Sunday, May 31, 2009

Our Emotional Rollercoaster is Finally Over!

As it may have come to the attention of many of you, every time something very exciting happens, lately, something very stressful is soon to follow. Well the past two weeks were no exception. Our last post was concerning the excitement of Nate's acceptance to YU, but not more then 12 hours later our lives went for another twist.

The following morning, after we received the call from YU, Nate was asked by the Business Manager at the Yeshiva if two people could come by to the apartment. We had been waiting for someone to come and fix a window for us for some time so just assumed that he was referring to the workmen. About an hour later the Rosh Yeshiva, the director of the school we work for, pulled Nate aside and asked if the couple that was coming could come look at our apartment in about an hour. He of course said yes, but came immediately home in shock! Why was another couple coming to look at our apartment? Were we moving? Were we losing our jobs? After a short discussion Nate and I decided we needed to get a clear answer and as soon as the meeting with the couple was over we went to the Rosh Yeshivas office and asked if we could have a moment of his time. This by the way was the week of, in fact the day before, Yom Yerushalayim, and very big celebratory day in Jerusalem. We looked at him, and got straight to the point, "Is there a chance we will not have this job next year?" The Rosh Yeshiva looked back at us with shock himself, but not that we would ask such a question, but rather because he could not understand how we were not aware of this. What it came down to was, the Business Director had been instructed a month ago to inform us that the Yeshiva was in need of making some cuts due to finances and that we may be included in those cuts. The Rosh Yeshiva was shocked an appalled that we had not been told, especially since he knew, just like us, that we were leaving for the states in just 5 short weeks and may need to find an apartment and move out before then.

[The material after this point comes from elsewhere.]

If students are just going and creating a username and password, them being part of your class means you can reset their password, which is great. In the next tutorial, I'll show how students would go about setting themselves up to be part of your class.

The first step the Rosh Yeshiva took was calling the Business Director in, even though he had taken the day off to spend with his family. The Business Director sat us down and said, two weeks ago (not a month ago) he had explained how the yeshiva needed to cut some salaries and how even he was taking a salary cut, and had asked if we understood. This conversation had taken place, but Nate had walked away from it thinking, okay we will have a pay cut for our job next year, NOT a job cut! The business director apologized for not being more clear, but then suggested that we start looking for a new job and new place to live, but of course as a back up only!

We walked out of the office totally confused. How could this happen! Life was finally starting to piece together. We immediately called our parents and all started brain storming what to do. Of course our fall back was just move back the U.S. now and Nate would not defer YU, but this would mean that I had to drop out of grad school. We started contacting everyone we knew in Israel to see if they had heard of job openings that Nate could apply for. Nate applied for a number of jobs within 48 hours, and we started researching apartments online, where we actually found two we had planned to look at this coming week.

After a week and a half of reaching out to every possible avenue, in hopes to come up with some plan before we leave for the states Nate got a call to come and have a meeting with the Rosh Yeshiva, the Business Director, and the Mashgiach Ruchanit (spiritual advisor to the boys at the Yeshiva, or Nate's direct supervisor). They sat down with him and listed all the things they were looking for in the new Av Bayit position. The new position would include all the tasks being completed now, but would have a "few" additions, including he would now be in charge of the other counselors, he would teach a class every night of the week, in addition to the classes he is already teaching, and he would be expected to attend all trips and assist with the logistics of organizing the trips. He also would play a major role in programming for the Yeshiva and organization of in-yeshiva events. There would be twice the amount of work. One problem with Nate taking on this job was that his Hebrew was not to the level necessary, so Nate suggested that he sign up for classes to improve his Hebrew. After an hour of going back and forth with the staff as to whether Nate could do this job, he was told to go home and talk with me about whether he felt he really could handle it. He was to come back with an answer right after the weekend.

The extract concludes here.